**Exercise**
Below are lines of data; restate word for word those running from the line containing "- Ciudad Quesada" to the line containing "Ranger Reject Chapter", inclusive, and no others.

**Task material**
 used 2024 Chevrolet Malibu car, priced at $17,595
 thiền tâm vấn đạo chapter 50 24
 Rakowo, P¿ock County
...
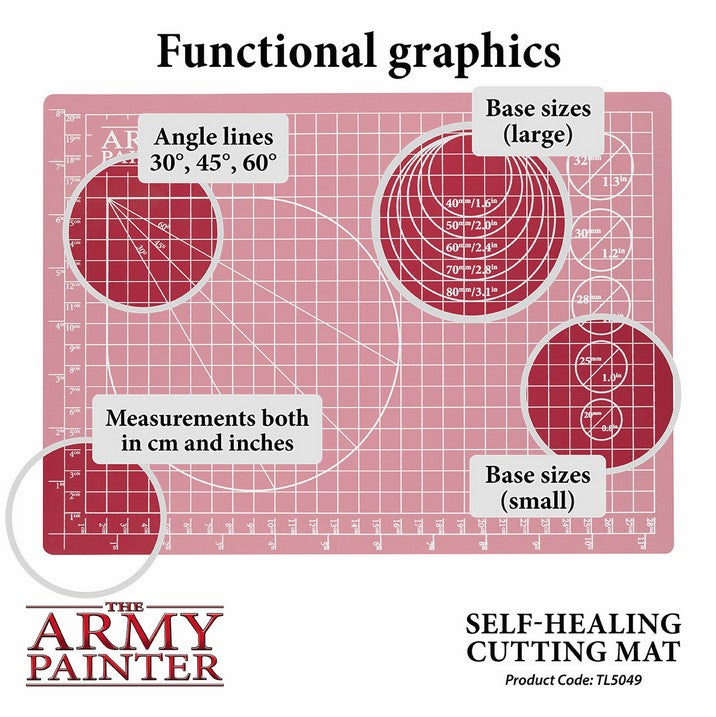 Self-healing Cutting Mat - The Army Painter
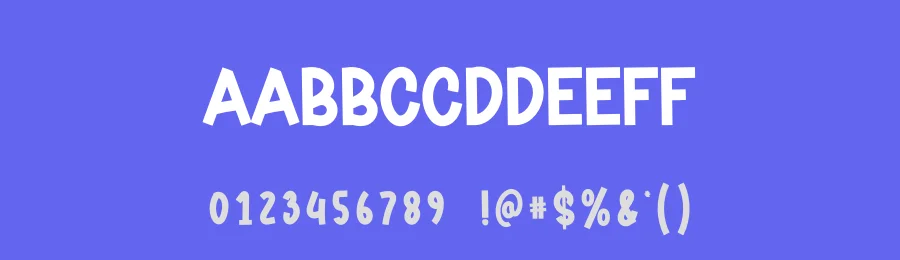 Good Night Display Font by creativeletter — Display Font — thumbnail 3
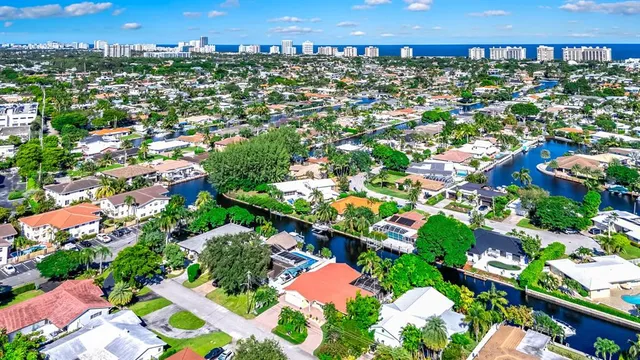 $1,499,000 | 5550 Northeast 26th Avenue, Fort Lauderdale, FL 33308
...
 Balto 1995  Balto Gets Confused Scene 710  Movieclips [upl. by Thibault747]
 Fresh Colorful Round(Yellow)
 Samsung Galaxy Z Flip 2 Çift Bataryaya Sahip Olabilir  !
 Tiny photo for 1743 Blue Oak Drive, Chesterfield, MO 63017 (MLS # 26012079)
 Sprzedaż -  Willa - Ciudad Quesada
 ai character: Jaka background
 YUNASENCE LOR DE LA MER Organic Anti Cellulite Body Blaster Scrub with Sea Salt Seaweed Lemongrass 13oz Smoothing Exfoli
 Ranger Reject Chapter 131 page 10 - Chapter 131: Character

**Response for this exercise**
 Sprzedaż -  Willa - Ciudad Quesada
 ai character: Jaka background
 YUNASENCE LOR DE LA MER Organic Anti Cellulite Body Blaster Scrub with Sea Salt Seaweed Lemongrass 13oz Smoothing Exfoli
 Ranger Reject Chapter 131 page 10 - Chapter 131: Character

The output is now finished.